Zeichen stehen auf Sturm

Ein interessantes Statement vom Chef der islamisch-konservativen Regierungspartei. Es zeigt, dass der Begriff „Islamisten“ nicht mehr viel bedeutet. Denn er wird gleichermaßen für islamisch-konservative Parteien wie ultra-religiöse Salafisten verwendet. Hatte man im Westen nach den Wahlen in Tunesien und Ägypten einen „islamistischen Schulterschluss“ erwartet, zeigt sich nun immer mehr, dass die Salafisten für die großen islamisch-konservativen Parteien ein Problem darstellen und dass Letztere der Konfrontation kaum mehr ausweichen können.

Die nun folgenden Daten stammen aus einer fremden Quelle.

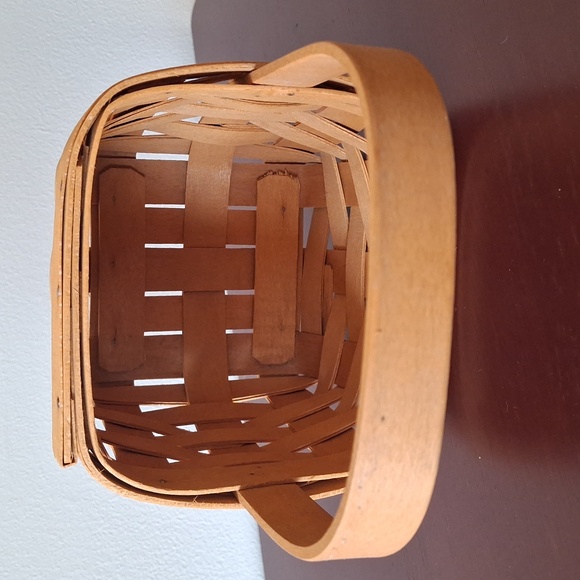 Longaberger Small Peg Basket with Fabric Liner and Plastic Protector 1998 - Picture 12 of 16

Das gilt auch für Ägypten, wo die regierende Muslimbruderschaft zwar noch zögert, doch die Zeichen zwischen Muslimbrüdern und Salafisten längst auf Sturm stehen. Der aus den Reihen der Muslimbrüder stammende Präsident Muhammad Mursi kann sich nicht staatsmännisch geben und gleichzeitig zusehen, wie Salafisten versuchen, der Gesellschaft ihre teils mittelalterlichen Vorstellungen aufzudrücken. Es waren auch salafistische TV-Kanäle, die vor zwei Wochen das Mohammed-Video ausgegraben und zu Protesten aufgerufen hatten, was die ägyptischen Sicherheitskräfte zwei Wochen lang in Atem hielt und sicherlich nicht tourismusfördernd war.

Zu Zeiten der Militärdiktatur waren Salafisten noch der Spielball der Staatssicherheit. In der neuen arabischen Welt muss man dieses Problem erstmals gesellschaftlich und politisch angehen. Um die Salafisten zu isolieren, braucht es anscheinend große islamisch-konservative Parteien wie die Muslimbrüder in Ägypten, die die Unterstützung der Mehrheit im Volk genießen. Sie müssen sich jetzt entscheiden, ob sie auf dem „salafistischen Auge“ blind bleiben, aus Angst, einen Teil der konservativen Wählerschaft zu verlieren, oder ob sie die Salafisten politisch und sozial an den Rand drängen.

Auf einen Blick

In Libyen kam es in der Nacht auf Samstag zu einem Aufstand wütender Bürger gegen salafistische Milizen. Dabei starben elf Menschen, Dutzende wurden verletzt. Die Regierung verfügte in der Folge am Wochenende eine Auflösung aller „illegitimen Milizen“. Wie diese schwierige Aufgabe bewerkstelligt werden soll, ist freilich noch unklar.